In 2012, he played the young father character in Sun TV family serial Pillai Nila (2012–2014) alongside Divya Padmini, Shamitha and Shyam Ganesh. Shree and Shamitha shared the screen space together after marriage. The same year, he was cast in Zee Tamil Romance and Family serial Thulasi (2012–2013) alongside Chandra Lakshman and Sanjeev Venkat. The same year, Shree co-starred alongside Sreeja and Delhi Kumar in Bommalattam (2012–2016), a family serial, where Shree portrayed a negative role with negative shades. It was a successful serial in Sun TV.

In 2013, he played the police officer character in Star Vijay family and romance serial Thayumanavan (2013) alongside Kalyani.

In 2016 he played the brief police inspector character in Vijay 59th action thriller film Theri written and directed by Atlee and produced by Kalaipuli S. Thanu. Shree starred in Zee Tamil family serial Thalayanai Pookal (2016–2018) alongside Nisha Krishnan and Anjali Rao.

After 2016, Shreekumar Ganesh continued his career strongly in both Tamil television drama and Cinema. Soon after Theri, he starred as the lead character Nagarajan in the Zee Tamil serial Thalayanai Pookal (2016–2018), which established him in a fresh generation of serials. Following that, he joined Devathaiyai Kanden (2017–2018) as Vasudevan, but he later exited the show before its conclusion. He then gained widespread recognition for his long-running role as Mutharasan (also called Muthu) in the supernatural thriller Yaaradi Nee Mohini (2017–2021) on Zee Tamil, which crossed over 1200 episodes.

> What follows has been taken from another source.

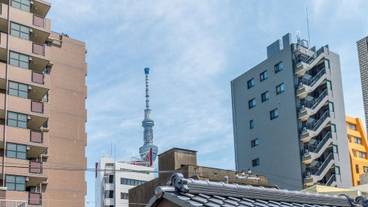 シティ ビュー / 7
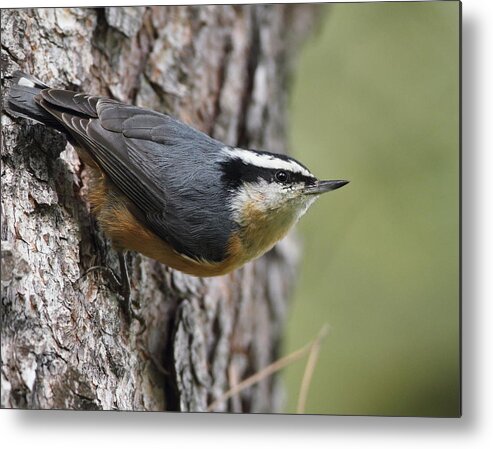 Bird Metal Print featuring the photograph Red-breasted Nuthatch by Steve Wolfe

During this period, he made several special appearances in other serials, including episodes of Poove Poochudava, Mullum Malarum,Nachiyarpuram, and guest spots in shows like Sathya, Gokulathil Seethai, Oru Oorla Oru Rajakumari, Sembaruthi, and Thirumathi Hitler, often reprising his popular character or appearing in Cameo appearance. Alongside television, Shreekumar Ganesh appeared in films throughout these years; after Theri, he played Kesavan in Rangoon (2017), Bharani in RK Nagar (2019), a segment role in the anthology Kasada Tabara (2021), a Black Squad member in the Blockbuster Film Vikram (2022), and He Played a Lead role in Eedattam (2022) Film. He also portrayed Sepoy Michael in the biographical war film Amaran (2024) alongside Sivakarthikeyan.

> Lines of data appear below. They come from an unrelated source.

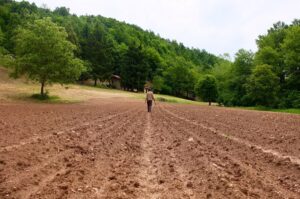 campo di patate biologiche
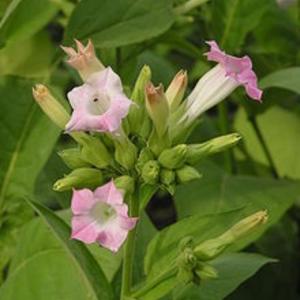 Tobacco Seeds - Nicotiana Tabacum (Havana 608 Cuban Tobacco). 所有分装: 2 Tobacco Seeds - Nicotiana Tabacum (Havana 608 Cuban Tobacco). 所有分装: 2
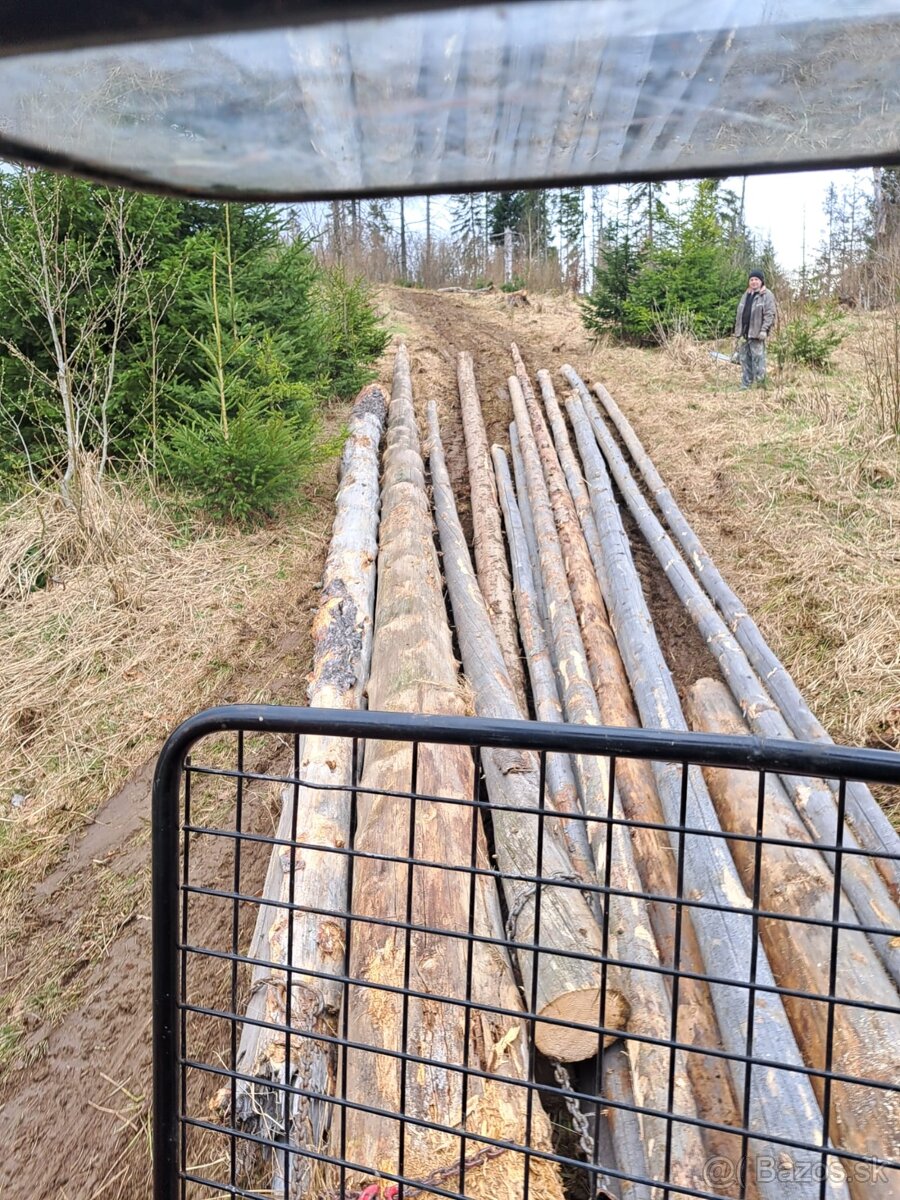 Naviják trojbodový - 3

From 2021, he portrayed Chinrasu in the Sun TV family drama serial Vanathai Pola, remaining with the show until it ended in 2024.

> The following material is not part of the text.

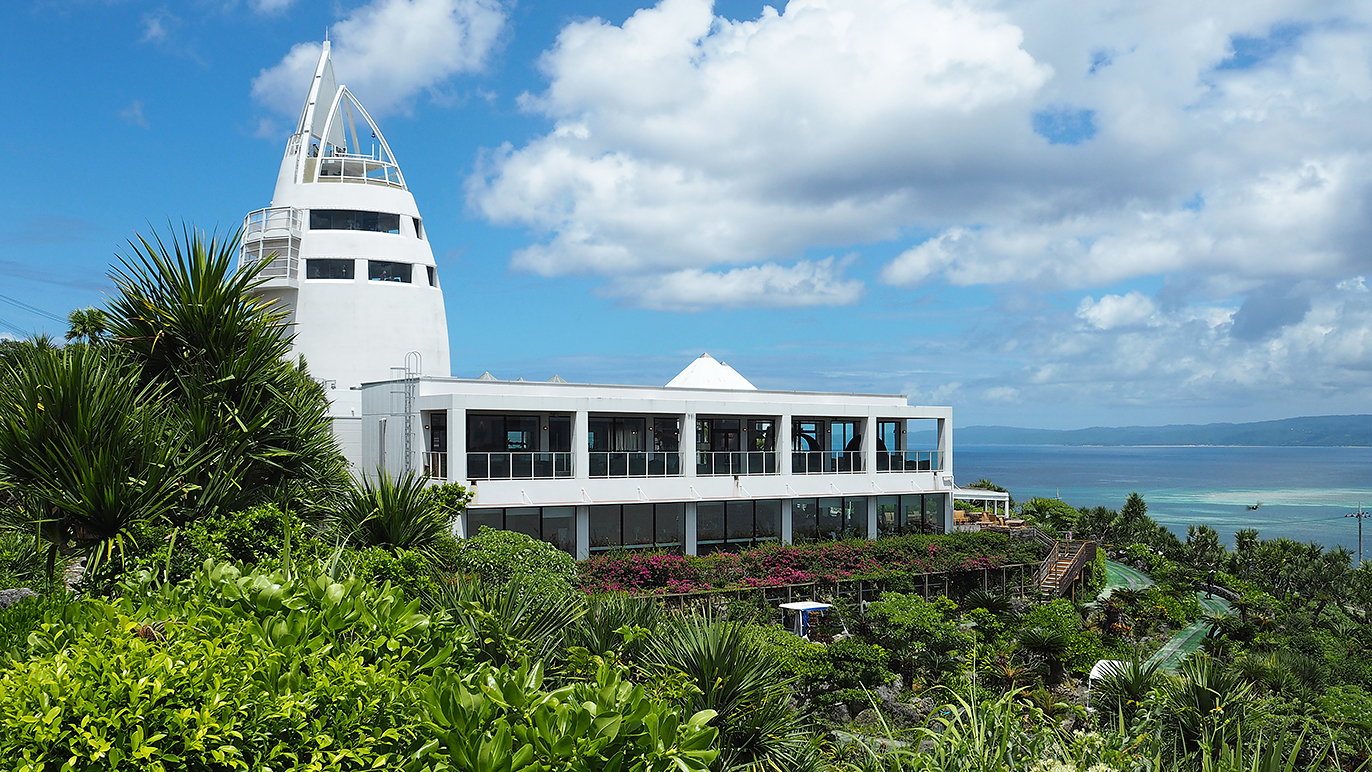 現品【沖縄産】リュウビンタイ8号　株元20センチ超え 現品【沖縄産】リュウビンタイ8号 株元20センチ超え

After the conclusion of Vanathai Pola, he made Cameo or Extendend Cameo appearance in several television serials, including the Telugu Television serial Mukkupudaka on Zee Telugu, the Tamil serial Ninaithale Inikkum on Zee Tamil, and Dhanam on Star Vijay.

In November 2025, he joined the Zee Tamil serial Gettimelam as Vetrivel (Vetri), replacing actor Sibbu Suryan in the male lead role, where he continues to act as of 2026. He later made a cameo appearance in the Zee Tamil serial Varisu, reprising his role as Vetri from Gettimelam.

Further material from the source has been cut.